Stock Graduate Call Notes 12-4-14: Option Trades

When trading options, we should make sure we use our due diligence in our analysis. We should consider the fundamentals of the underlying stock, the sector or industry of the underlying stock, and what the charts of the stock are showing us.

There are a few other considerations we might want to make. Due to the leverage of options, option prices can be quite volatile. For the most part, it would be wise to go with the flow of the overall market. If the market is bullish, making put trades can be very risky and if the stock does drop, the returns might not be very rewarding.

When looking at the overall market, consider checking the volatility index ($VIX.) Remember this is a contrarian indicator. A saying that goes along with the $VIX is “When the VIX is high, it is time to buy. When the VIX is low, it is time to go.” The high and low will be like a support or resistance. After it peaks and heads down is high. After it bottoms and heads back up is low.

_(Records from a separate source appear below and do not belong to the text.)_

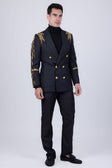 Barabas Men's Sequins Pattern Double-Breasted Peak Lapel Suit 5SU37 #Color_Black Gold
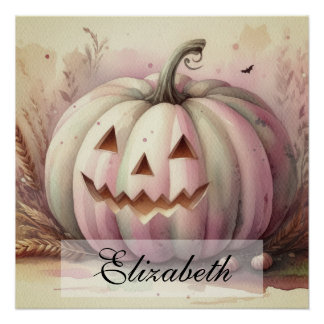 ハロウィンのカボチャのヴィンテージ水彩画 秋のイメージ ポスター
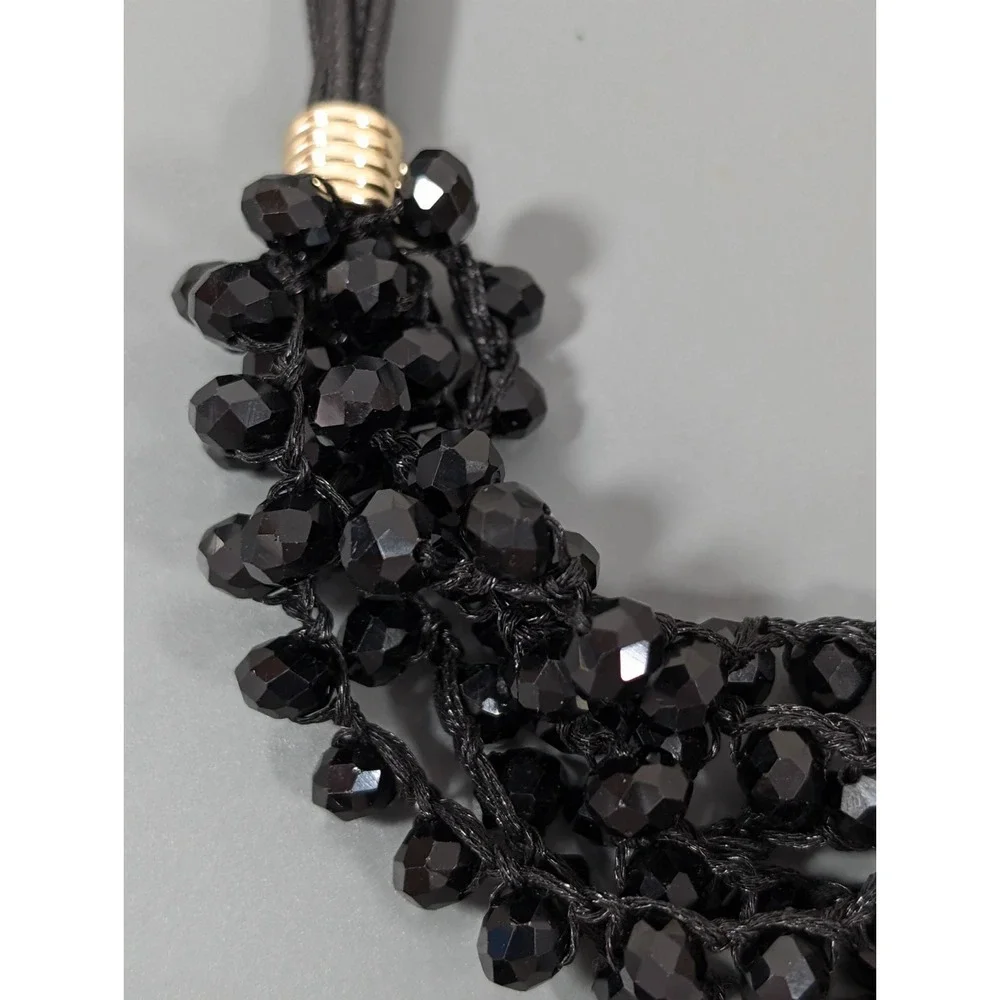 Black Faceted Glass Bead Statement‎ Necklace Multi Cord Modern 21 in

Look for option contracts that have high open interest –preferably in the thousands, but minimum of 100. Also look for contracts that have narrow spreads. Typically the monthly options and the strike prices that end in 5 or 0 have the greater activity which results in narrower spreads.

Consider using market orders if the spread is narrow. Sometimes in an effort to save a few bucks, we end up losing more money by doing limit orders, especially in a fast moving market.

One thing I forgot to mention in the grad call is that we should check the implied volatility of the stock. If implied volatility is climbing, we better find out what is occurring in the news for the stock. Higher implied volatility means higher option prices. Knowing when and what the news could do to the stock price is a critical piece of options trading.